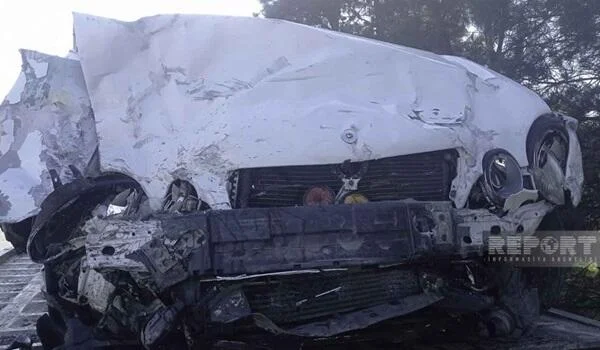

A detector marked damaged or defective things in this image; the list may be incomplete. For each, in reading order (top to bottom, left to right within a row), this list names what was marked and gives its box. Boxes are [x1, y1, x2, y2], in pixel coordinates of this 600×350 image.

torn sheet metal [0, 50, 97, 221]
crumpled metal panel [0, 50, 97, 221]
crushed car hood [0, 14, 552, 221]
torn sheet metal [71, 13, 552, 211]
crumpled metal panel [71, 13, 552, 211]
broken headlight [480, 149, 524, 206]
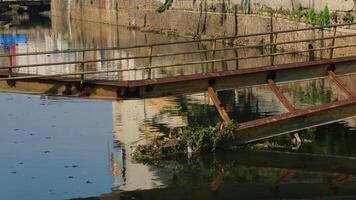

■ How to complete this task: Omit the pictures and reproduce the records above exactly.

■ Finished task:
A detector marked damaged or defective things in this image; the list may be incomplete. For each, in reading order (top to bottom, left to right within a row), this list names what was marked and gives its box. Boxes are [x1, y1, x2, y2], in pixel coordinates of this 600×350 image.

torn sheet metal [0, 50, 97, 221]
crumpled metal panel [0, 50, 97, 221]
crushed car hood [0, 14, 552, 221]
torn sheet metal [71, 13, 552, 211]
crumpled metal panel [71, 13, 552, 211]
broken headlight [480, 149, 524, 206]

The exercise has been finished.